Der Vorsitzende Claus-Henning Jensen (v.l.) mit den Geehrten Lothar Reindel (Schriftführer) sowie Hermann Tams. Rechts der neu gewählte stellvertretende Vorsitzende Ralf Sierck.

Die Mitglieder der Kreisjägerschaft Schleswig bestätigen Claus-Henning Jensen für weitere vier Jahre an der Spitze.

shz.de von
22. Mai 2015, 12:29 Uhr

Der Vorstand der Kreisjägerschaft Schleswig will sich eigentlich verjüngen.
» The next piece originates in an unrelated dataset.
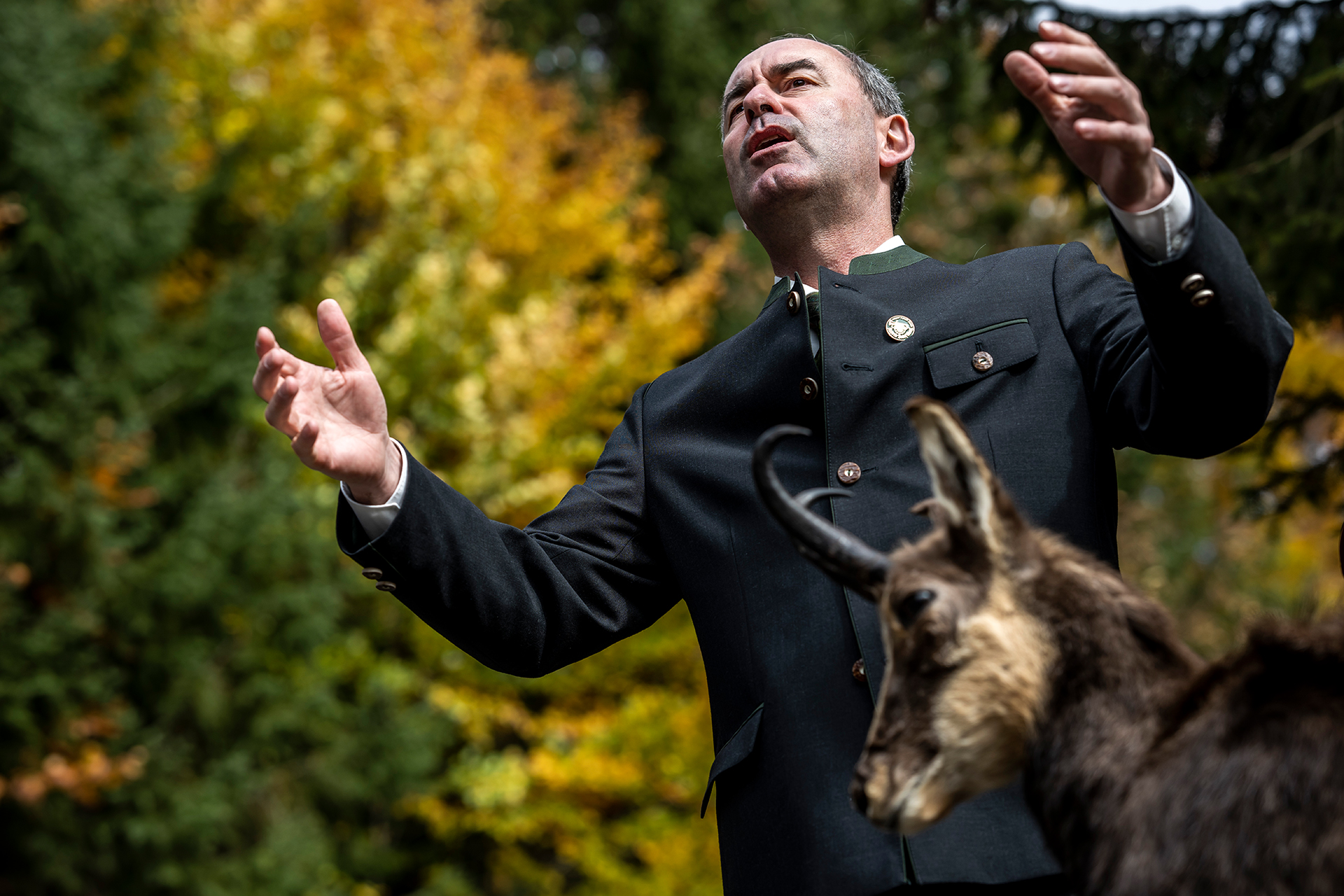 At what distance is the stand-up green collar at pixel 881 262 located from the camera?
2.52 meters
Da überraschte es einige der 100 Anwesenden des Kreisjägertages im Hotel Ruhekrug, als Vorsitzender Claus-Henning Jensen (69) nach bereits 23-jähriger Amtszeit verkündete: „Ich kandidiere nochmal für vier Jahre.“ Peter Freiburg, eines der 939 Mitglieder der Kreisjägerschaft, kommentierte diese Entscheidung so: „Ich bin von der Kandidatur etwas verwundert.“ Die Wiederwahl erfolgte mit sechs Gegenstimmen.

Verjüngt wurde der Vorstand dann aber doch, als Jensens Stellvertreter Gerhard Rossen (71) nach 18 Jahren in diesem Amt durch den 47-jährigen Ralf Sierck abgelöst wurde. Schriftführer Lothar Reindel wurde wiedergewählt, ein neuer Schatzmeister wurde nach dem Rückzug von Gunnar Dogs dagegen nicht gefunden.
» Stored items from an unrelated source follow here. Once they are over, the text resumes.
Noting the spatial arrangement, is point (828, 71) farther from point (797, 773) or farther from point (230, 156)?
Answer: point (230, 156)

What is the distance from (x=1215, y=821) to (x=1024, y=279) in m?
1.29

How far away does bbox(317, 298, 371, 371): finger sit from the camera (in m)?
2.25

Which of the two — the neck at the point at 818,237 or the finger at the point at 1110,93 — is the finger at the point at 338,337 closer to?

Ein heißes Thema war der Bund für Umwelt und Naturschutz (BUND), der angebliche Verstöße gegen das Jagdgesetz im Kreisgebiet kritisiert habe. „Der Bund hat uns nachspioniert, das ist unanständig“, sagte Jensen. Schwarze Schafe gebe es überall und unter viel Zustimmung forderte er von Nils Sönnichsen, Mitglied im Kreisvorstand des BUND, er solle „in seinem Bereich bleiben und wir in unserem“.
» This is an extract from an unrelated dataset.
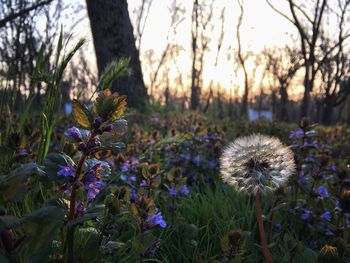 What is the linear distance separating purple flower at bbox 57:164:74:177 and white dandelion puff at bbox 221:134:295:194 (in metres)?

Weiterer Diskussionspunkt war die im vergangenen Jahr eingeführte Jagdzeitverordnung, über die Andreas Schober, Jurist und Geschäftsführer vom Landesjagdverband, referierte. 13 Klagen lägen gegen die Verordnung vor, weil die Jagdzeit insgesamt verkürzt wurde. „Das Jagdausübungsrecht ist ein eigentumsähnliches Recht. Die Einschränkung von Jagdzeiten beschneidet Eigentumsrechte“, erklärte er. Dies sei von mehreren Gerichten bestätigt worden. Das Argument der Regierung, die Jagd störe die Wildtiere, ließ er nicht gelten und betonte: „Die Beweislast, dass die Jagd eingeschränkt werden muss, liegt bei der Politik.“

In aller Munde war die Rückkehr des Wolfes. Claus-Henning Jensen sagte: „Es gibt 17 nachgewiesene Wölfe in Schleswig-Holstein. Ich frage mich, wo die alle herkommen.“ Der Wolf habe hier keinen Lebensraum, meinte er. Weitere Zahlen lieferte Kreisjägermeister Hans-Wilhelm Schlüter: Die Rotwildbestände stiegen weiter, das Damwild verteile sich wegen des gestiegenen Jagddrucks der letzten Jahre in die Breite. Schalenwild wie Rehe wolle man intensiv bejagen, „da sind wir Verkehrsteilnehmern und Waldbesitzern gegenüber in der Pflicht“. Letztes Jahr wurden knapp 3000 Tiere geschossen – 200 mehr als 2013. Auch Marderhunde müssten stärker bekämpft werden. Wegen der Hasenpest habe man dagegen vielerorts auf Treibjagden verzichtet.

Zuletzt verkündete Claus-Henning Jensen die Abschaffung der niedrigeren Mitgliedsbeiträge für Senioren. Zudem gab es drei Ehrungen: Die silberne Ehrennadel erhielt Schriftführer Lother Reindel, der seit über 30 Jahren im Amt ist. Jeweils eine bronzene Ehrennadel bekamen Hermann Tams für sein Engagement im Schießwesen sowie Heinz Georg Schmädecker, der seit mehr als 35 Jahren Begrünungsobmann ist.